Bundesverkehrsministerium will die StVO ändern
„Es soll eine neue Rechtsgrundlage zur Anordnung von streckenbezogenen Verkehrsverboten oder -beschränkungen zum Schutz der menschlichen Gesundheit vor Feinstaub oder Abgasen (Stickstoffdioxid) in der Straßenverkehrs-Ordnung (StVO) geschaffen werden“, teilte Verkehrs-Staatssekretär Norbert Barthle (CDU) dem Grünen-Abgeordneten Matthias Gastel auf dessen Anfrage hin mit.
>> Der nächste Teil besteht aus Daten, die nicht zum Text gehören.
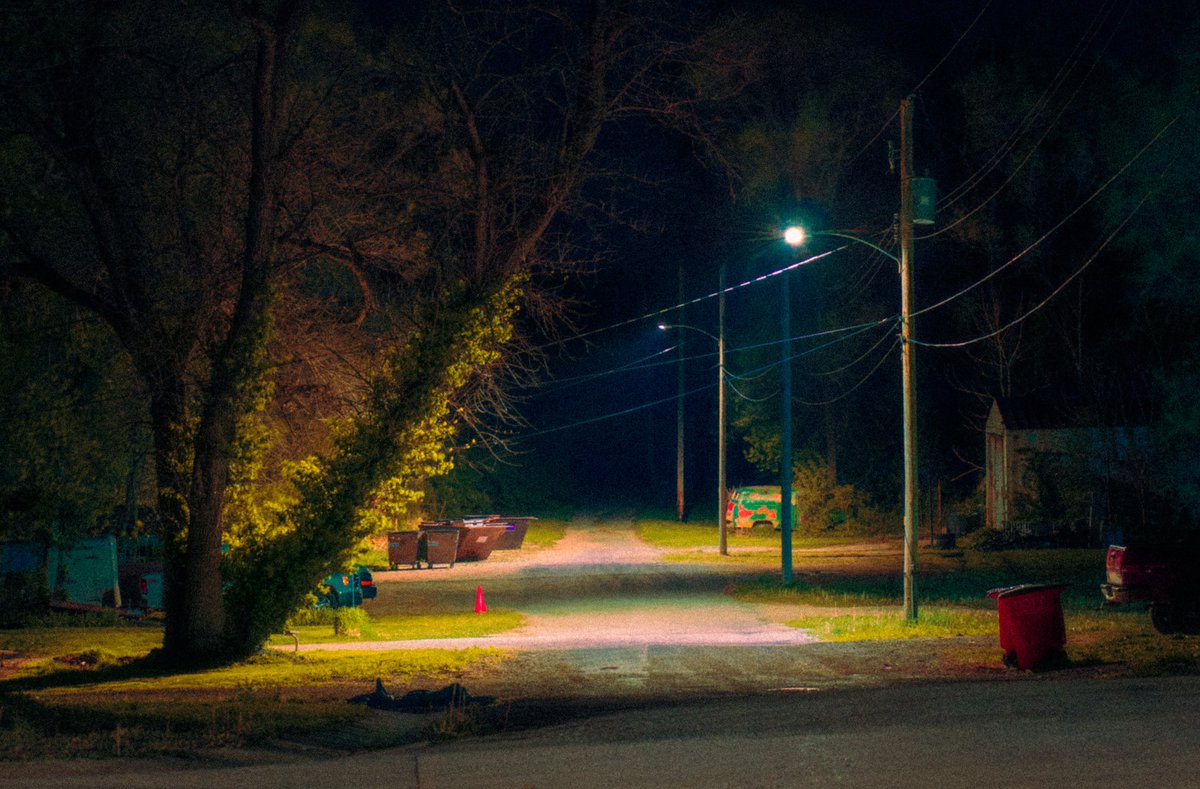_burnsun_'s tweet photo. My hometown after nightfall https://t.co/QUkYVrhgSt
So war es in der Rheinische Post zu lesen. Die Regelungen könnten bereits Eingang in die nächste StVO-Novelle finden. Fahrverbote könnten die Städte dann auch unabhängig vom Vorliegen eines Luftreinhalteplans anordnen.
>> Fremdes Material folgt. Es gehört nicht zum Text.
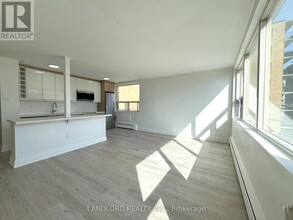 140-140 Springhurst Ave in Toronto, ON - Building Photo - Building Photo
Bundesjustizminister setzt auf Sammelklagen
Bundesjustizminister Heiko Maas (SPD) macht der verunsicherten Dieselbesitzern Mut. Mit der im Koalitionsvertrag vereinbarten neuen Musterfeststellungsklage – einer Art Sammelklage – werde die Position betroffener Verbraucher gegenüber Konzernen gestärkt, sagte der SPD-Politiker den Zeitungen der Funke-Mediengruppe. „Damit bekommen auch viele Besitzer von Diesel-Pkw grundsätzlich die Möglichkeit, gemeinsam mit Verbraucherschützern ihre Interessen künftig besser durchsetzen zu können.“ Laut Koalitionsvertrag soll das Gesetz zur Musterfeststellungsklage spätestens zum 1. November 2018 in Kraft treten.
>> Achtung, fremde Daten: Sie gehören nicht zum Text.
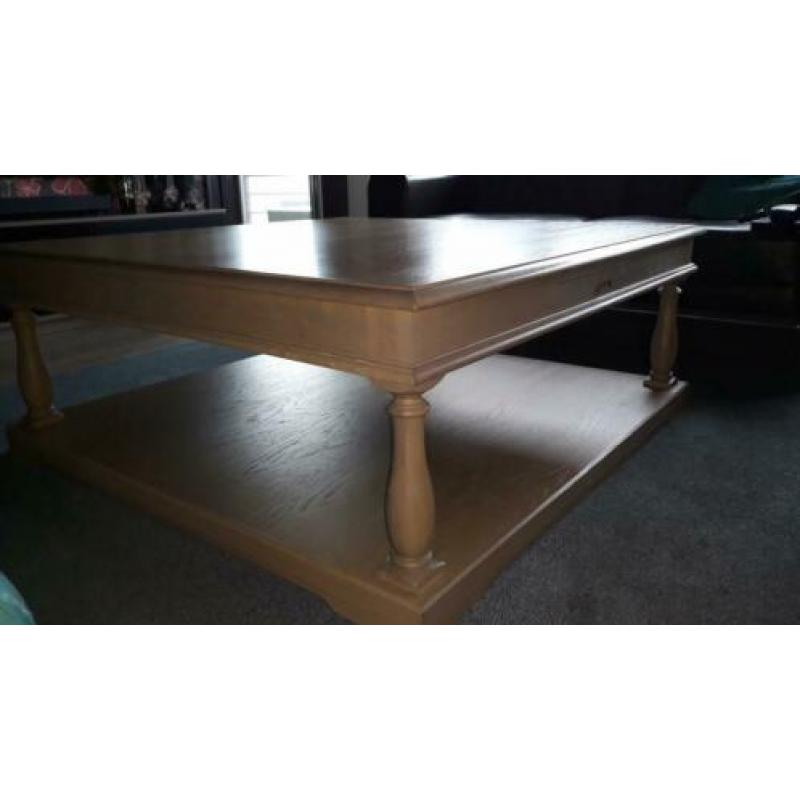 Z.g.a.n. salontafel 1.20x120 h.48cm.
SPD-Wirtschaftsministerin: Hersteller sollen zahlen
Noch-Wirtschaftsministerin Brigitte Zypries (SPD) forderte in der „Bild“, die Industrie müsse nach dem Diesel-Urteil des BVerwG nun „neue Angebote machen“. „Den Verbrauchern, den Mittelständlern oder dem Handwerk muss eine Lösung angeboten werden, sie dürfen nicht auf den Kosten sitzen bleiben.“
SPD-Landeschef kritisiert CSU-geführtes Verkehrsministerium
Niedersachsens Ministerpräsident Stephan Weil (SPD) hat sich gegen Diesel-Fahrverbote und die Einführung einer Blauen Plakette ausgesprochen. Die Blaue Plakette sei „nur eine freundliche Umschreibung für Fahrverbote“, sagte Weil der „Welt“. Weil warf dem CSU-geführten Bundesverkehrsministerium vor, es habe sich bei der Abgasproblematik „in den vergangenen Jahren viel zu stark zurückgehalten“. Wenn jetzt alle Autofahrer aus dem Diesel flüchteten und stattdessen Benziner kauften, „dann haben wir spätestens im Jahr 2020 ein noch größeres CO2-Problem“, sagte Weil, der als Vertreter des Aktionärs Niedersachsen im VW-Aufsichtsrat sitzt.
Hamburg kündigt erste Sperrungen für Dieselfahrzeuge an
Nach dem BVerwG-Urteil am Dienstag hat Hamburg direkt angekündigt, bereits vom Senat beschlossene Fahrverbote jetzt kurzfristig umzusetzen. Geplant sind „Durchfahrtsbeschränkungen“ für ältere Diesel-Fahrzeuge an zwei Straßenabschnitten, wo die Werte für Stickstoffdioxid über dem EU-Grenzwert liegen. Anlieger sollen von der Beschränkung ausgenommen werden. Dazu gehören Anwohner, Besucher, Müllautos, Krankenwagen und der Lieferverkehr. Die Vorbereitungen für die Beschilderung und die Ausweichstrecken sind bereits abgeschlossen.
Und die Bundeskanzlerin?
Deutschlands oberster Verbraucherschützer, Klaus Müller, hat Bundeskanzlerin Angela Merkel (CDU) nach dem Leipziger Diesel-Urteil aufgefordert, die Diesel-Nachrüstung durch Autohersteller zur Chefsache zu machen. „Der politische Druck auf die Autohersteller muss viel größer werden“, sagte Müller, Chef des Bundesverbands Verbraucherzentrale (VZBV), der „Rheinischen Post“. In seiner Stellungnahme bedauert Müller, daß es keinen einfachen und schnellen rechtlichen Weg gibt, der die Autohersteller verpflichtet, Hardware-Nachrüstung anzubieten.